Data excerpts:
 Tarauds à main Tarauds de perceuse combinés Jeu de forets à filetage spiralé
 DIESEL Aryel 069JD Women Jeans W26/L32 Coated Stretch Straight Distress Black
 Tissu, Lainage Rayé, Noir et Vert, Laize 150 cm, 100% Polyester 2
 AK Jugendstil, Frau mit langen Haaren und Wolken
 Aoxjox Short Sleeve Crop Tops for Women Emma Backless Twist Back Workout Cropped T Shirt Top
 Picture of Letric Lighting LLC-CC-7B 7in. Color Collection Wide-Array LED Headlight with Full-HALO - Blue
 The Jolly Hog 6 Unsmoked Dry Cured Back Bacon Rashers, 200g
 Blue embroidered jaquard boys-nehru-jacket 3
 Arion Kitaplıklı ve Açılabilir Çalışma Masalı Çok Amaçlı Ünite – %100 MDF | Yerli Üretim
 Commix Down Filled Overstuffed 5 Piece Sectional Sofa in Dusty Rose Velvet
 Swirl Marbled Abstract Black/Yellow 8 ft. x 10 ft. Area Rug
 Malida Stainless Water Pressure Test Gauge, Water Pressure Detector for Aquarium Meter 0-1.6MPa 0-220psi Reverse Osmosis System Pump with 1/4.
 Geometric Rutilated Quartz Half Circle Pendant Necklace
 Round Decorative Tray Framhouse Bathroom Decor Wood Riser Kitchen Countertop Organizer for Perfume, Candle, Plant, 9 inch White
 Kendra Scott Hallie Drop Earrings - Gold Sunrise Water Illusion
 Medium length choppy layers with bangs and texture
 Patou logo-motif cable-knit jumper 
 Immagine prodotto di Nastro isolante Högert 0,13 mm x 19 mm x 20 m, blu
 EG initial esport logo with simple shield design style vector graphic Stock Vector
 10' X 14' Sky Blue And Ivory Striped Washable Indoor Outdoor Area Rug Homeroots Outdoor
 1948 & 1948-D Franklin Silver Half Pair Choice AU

Prompt: Please output the complete set of records above without any alteration.

Answer box:
 Tarauds à main Tarauds de perceuse combinés Jeu de forets à filetage spiralé
 DIESEL Aryel 069JD Women Jeans W26/L32 Coated Stretch Straight Distress Black
 Tissu, Lainage Rayé, Noir et Vert, Laize 150 cm, 100% Polyester 2
 AK Jugendstil, Frau mit langen Haaren und Wolken
 Aoxjox Short Sleeve Crop Tops for Women Emma Backless Twist Back Workout Cropped T Shirt Top
 Picture of Letric Lighting LLC-CC-7B 7in. Color Collection Wide-Array LED Headlight with Full-HALO - Blue
 The Jolly Hog 6 Unsmoked Dry Cured Back Bacon Rashers, 200g
 Blue embroidered jaquard boys-nehru-jacket 3
 Arion Kitaplıklı ve Açılabilir Çalışma Masalı Çok Amaçlı Ünite – %100 MDF | Yerli Üretim
 Commix Down Filled Overstuffed 5 Piece Sectional Sofa in Dusty Rose Velvet
 Swirl Marbled Abstract Black/Yellow 8 ft. x 10 ft. Area Rug
 Malida Stainless Water Pressure Test Gauge, Water Pressure Detector for Aquarium Meter 0-1.6MPa 0-220psi Reverse Osmosis System Pump with 1/4.
 Geometric Rutilated Quartz Half Circle Pendant Necklace
 Round Decorative Tray Framhouse Bathroom Decor Wood Riser Kitchen Countertop Organizer for Perfume, Candle, Plant, 9 inch White
 Kendra Scott Hallie Drop Earrings - Gold Sunrise Water Illusion
 Medium length choppy layers with bangs and texture
 Patou logo-motif cable-knit jumper 
 Immagine prodotto di Nastro isolante Högert 0,13 mm x 19 mm x 20 m, blu
 EG initial esport logo with simple shield design style vector graphic Stock Vector
 10' X 14' Sky Blue And Ivory Striped Washable Indoor Outdoor Area Rug Homeroots Outdoor
 1948 & 1948-D Franklin Silver Half Pair Choice AU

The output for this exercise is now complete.